Slobjo
Slobjo

Reputation: 83

Find dictionaries with same values and add new keys to them

have such a question. I have a list with dictionaries, which contain information about words, which were recognized from image using Google API. So my list looks like:

test_list = [
   {
      "value": "68004,",
      "location": {
         "TL": {
            "x": 351,
            "y": 0
         },
         "TR": {
            "x": 402,
            "y": 0
         },
         "BR": {
            "x": 402,
            "y": 12
         },
         "BL": {
            "x": 351,
            "y": 12
         }
      },
      "type": 1
   },
   {
      "value": "Чорномор",
      "location": {
         "TL": {
            "x": 415,
            "y": 0
         },
         "TR": {
            "x": 493,
            "y": 0
         },
         "BR": {
            "x": 493,
            "y": 12
         },
         "BL": {
            "x": 415,
            "y": 12
         }
      },
      "type": 1
   },
   {
      "value": "вулиця,",
      "location": {
         "TL": {
            "x": 495,
            "y": 14
         },
         "TR": {
            "x": 550,
            "y": 10
         },
         "BR": {
            "x": 551,
            "y": 22
         },
         "BL": {
            "x": 496,
            "y": 26
         }
      },
      "type": 1
   },
   {
      "value": "140,",
      "location": {
         "TL": {
            "x": 557,
            "y": 8
         },
         "TR": {
            "x": 576,
            "y": 7
         },
         "BR": {
            "x": 577,
            "y": 20
         },
         "BL": {
            "x": 558,
            "y": 21
         }
      },
      "type": 1
   },
   {
      "value": "кв.",
      "location": {
         "TL": {
            "x": 581,
            "y": 6
         },
         "TR": {
            "x": 605,
            "y": 4
         },
         "BR": {
            "x": 606,
            "y": 21
         },
         "BL": {
            "x": 582,
            "y": 23
         }
      },
      "type": 1
   },
   {
      "value": "77",
      "location": {
         "TL": {
            "x": 607,
            "y": 5
         },
         "TR": {
            "x": 628,
            "y": 4
         },
         "BR": {
            "x": 629,
            "y": 19
         },
         "BL": {
            "x": 608,
            "y": 21
         }
      },
      "type": 1
   },
]

So I want to find, if some dictionaries have the same location parameters and if it is true, add a new key "string_number" with the same index to these dictionaries. As example in the above code two first dictionaries have the same ["location"]["TL"]["y"] and ["location"]["TR"]["y"] == 0px, and also ["location"]["BR"]["y"] and ["location"]["BL"]["y"] == 12px. So that means that these words are placed in a one string in a real document, so I want to add to them new key "string_number" with index 0. That will look like:

test_list = [
   {
      "value": "68004,",
      "location": {
         "TL": {
            "x": 351,
            "y": 0
         },
         "TR": {
            "x": 402,
            "y": 0
         },
         "BR": {
            "x": 402,
            "y": 12
         },
         "BL": {
            "x": 351,
            "y": 12
         }
      },
      "type": 1
      "string_number": 0
   },
   {
      "value": "Чорномор",
      "location": {
         "TL": {
            "x": 415,
            "y": 0
         },
         "TR": {
            "x": 493,
            "y": 0
         },
         "BR": {
            "x": 493,
            "y": 12
         },
         "BL": {
            "x": 415,
            "y": 12
         }
      },
      "type": 1
      "string_number": 0
   },

Then going through the rest of a list I want to find every such a duplication and set the same string index to them. However, sometimes pixels can di ffer by 1-2 points less or more (so as example "y": 12 or 10 or 14 probably still say that word is on the same line in a document). So is it real to make an extra check for this difference?

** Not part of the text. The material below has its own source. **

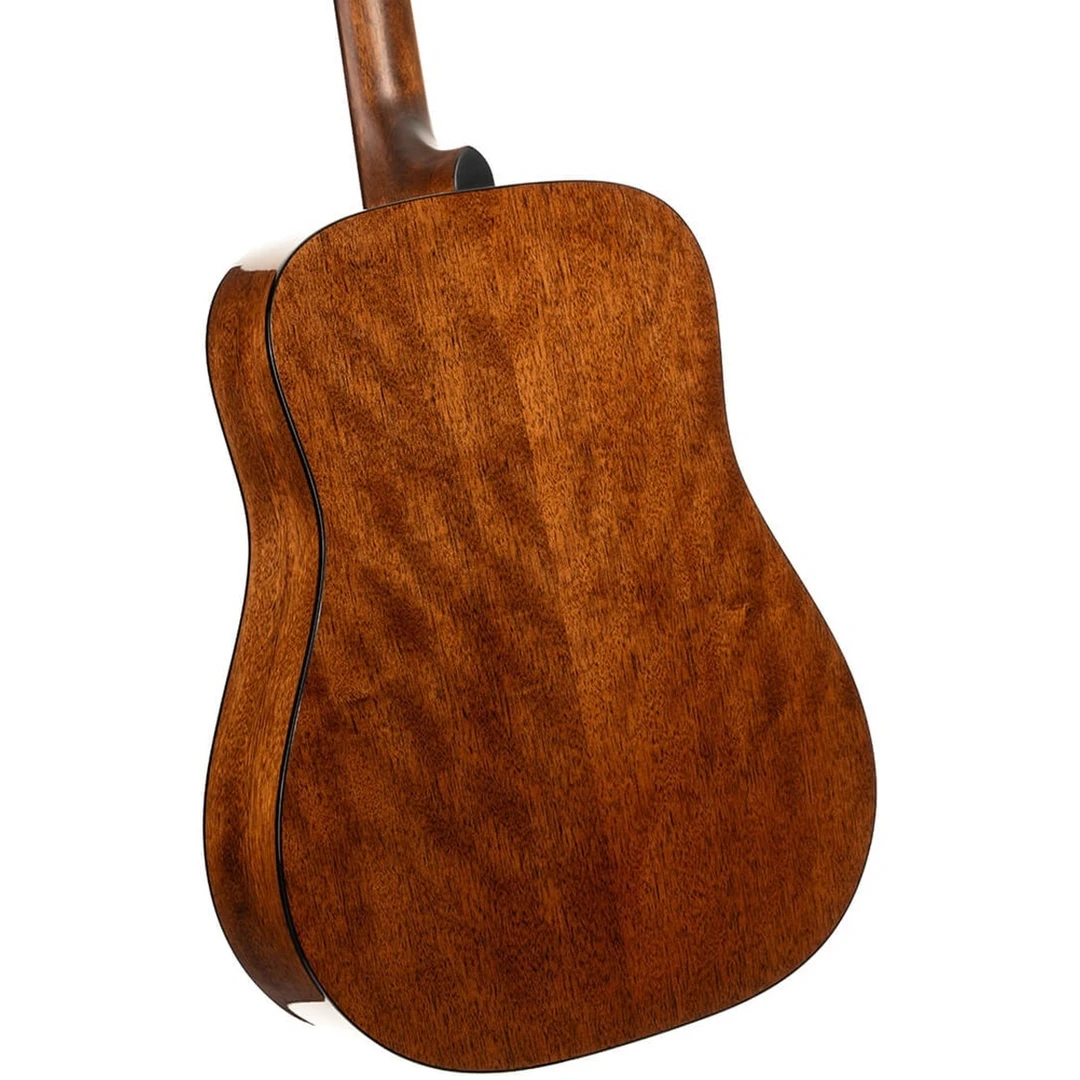 Акустическая гитара Cort Earth 60 NAT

EDIT: so I used the help of Aleksa Svitlica and created a class, which makes all work about searching for words on the same line. So it looks like:

class WordParser():
    def __init__(self):
        self.list_wbw = self.load_json()
        self.next_new_string_number = 0

    def load_json(self):
        with io.open(calc_paths(status="now", path_type=PathType.OCR_JSON_WBW), 'r', encoding='utf-8') as content:
            self.list_wbw = json.load(content)
        content.close()
        return self.list_wbw

    def mark_images_on_same_line(self):
        number_of_images = len(self.list_wbw)
        for i in range(number_of_images):
            for j in range(i + 1, number_of_images):
                image1 = self.list_wbw[i]
                image2 = self.list_wbw[j]
                on_same_line = self._check_if_images_on_same_line(image1, image2)

                if on_same_line:
                    self._add_string_number_to_images(image1, image2)

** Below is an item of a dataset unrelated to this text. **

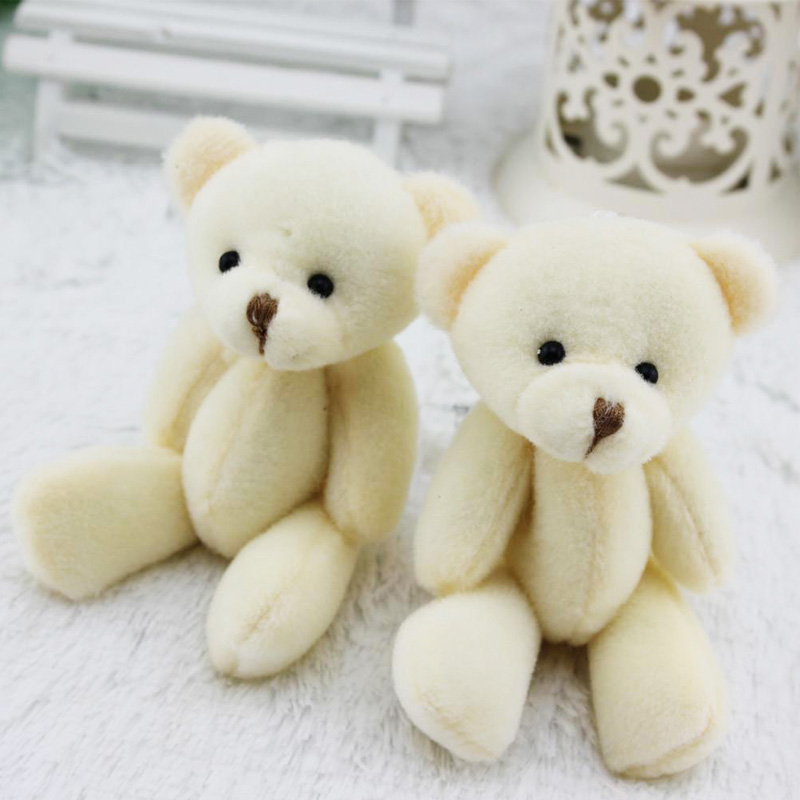 teddy mini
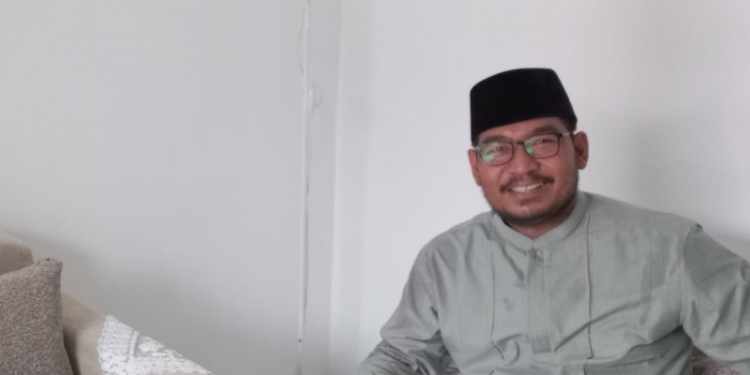 Dr. H. Adnan, M.Ag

    def print_images(self):
        print(json.dumps(self.list_wbw, indent=3, sort_keys=False, ensure_ascii=False))

    def _check_if_images_on_same_line(self, image1, image2):
        image1_top_left = image1["location"]["TL"]["y"]
        image1_top_right = image1["location"]["TR"]["y"]
        image1_bot_left = image1["location"]["BL"]["y"]
        image1_bot_right = image1["location"]["BR"]["y"]

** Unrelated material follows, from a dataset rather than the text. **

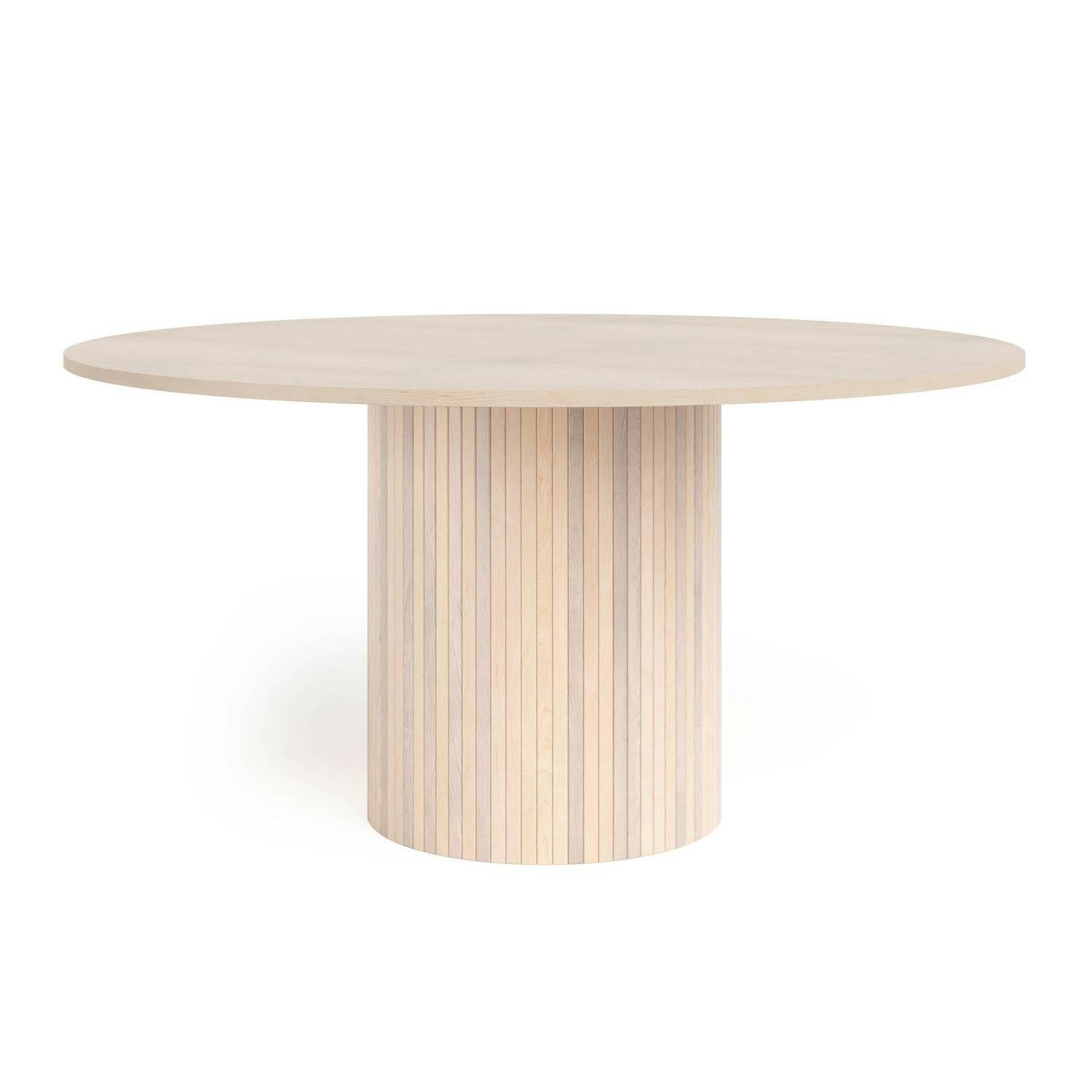 Matbord In Living Kopparbo Ø150 cm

        image2_top_left = image2["location"]["TL"]["y"]
        image2_top_right = image2["location"]["TR"]["y"]
        image2_bot_left = image2["location"]["BL"]["y"]
        image2_bot_right = image2["location"]["BR"]["y"]

        same_top_left_position = self._pixel_heights_match_within_threshold(image1_top_left, image2_top_left)
        same_top_right_position = self._pixel_heights_match_within_threshold(image1_top_right, image2_top_right)
        same_bot_left_position = self._pixel_heights_match_within_threshold(image1_bot_left, image2_bot_left)
        same_bot_right_position = self._pixel_heights_match_within_threshold(image1_bot_right, image2_bot_right)

        if same_top_left_position and same_top_right_position and same_bot_left_position and same_bot_right_position:
            self._add_string_number_to_images(image1, image2)

    def _add_string_number_to_images(self, image1, image2):
        string_number = self._determine_string_number(image1, image2)
        image1["string_number"] = string_number
        image2["string_number"] = string_number

    def _determine_string_number(self, image1, image2):
        string_number = self.next_new_string_number

        image1_number = image1.get("string_number")
        image2_number = image2.get("string_number")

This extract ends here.